A half-day walking itinerary
If you want to see the results without organizing your day around them, here's a roughly two-hour walk that touches the major Jubilee-era pieces and finishes at St. Peter's. Best done late afternoon, when the light on the travertine is at its strongest and the day-tripper crowds have thinned.
Start at Castel Sant'Angelo. Walk across Ponte Sant'Angelo (the Bernini-angel bridge), then continue straight onto the new pedestrian surface of Piazza Pia. Take a minute at the fountains; the basilica dome lines up directly down Via della Conciliazione from here, and the photographic angle is the best it's been in 25 years now that there are no cars in the foreground.
Continue west on Via della Conciliazione. The street itself is one of the more controversial pieces of Roman urbanism. It was carved through a dense medieval neighborhood in the 1930s to create a processional approach to the basilica, a decision the architectural community has debated ever since. The pedestrian experience post-Jubilee is more coherent than it was, and some of the buildings facing the street have had their facades cleaned.
Cut north into Borgo Pio at any of the side streets (Borgo Vittorio, Borgo Sant'Angelo). This medieval quarter is where the artisans and souvenir sellers actually live. The paving work is ongoing here, so you'll dodge some construction. The compensation is genuine neighborhood character that you don't get on Via della Conciliazione.
Loop back to St. Peter's Square. Skip the line if you have a Vatican Museums booking; otherwise just sit on Bernini's colonnade and watch the basilica until the light fades. If you want to make a half-day of it, add an early visit to the Vatican Museums in the morning before this walk.

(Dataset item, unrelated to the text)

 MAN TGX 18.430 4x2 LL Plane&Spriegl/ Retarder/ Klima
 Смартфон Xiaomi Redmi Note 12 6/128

For context on what closed when the Jubilee ended, our post-Jubilee overview covers the Holy Doors and the broader picture.
One note for 2028 readers
The Roman patina returns. Cleaned travertine darkens within five to seven years. The new pavement of Piazza Pia will start collecting cigarette ash and chewing gum stains by 2027. The trees in Piazza dei Cinquecento will mature and lose their pristine look within a decade. The version of Rome on foot in spring 2026 is not the permanent one. It's the just-restored one, and there is something to be said for catching a city in that brief window.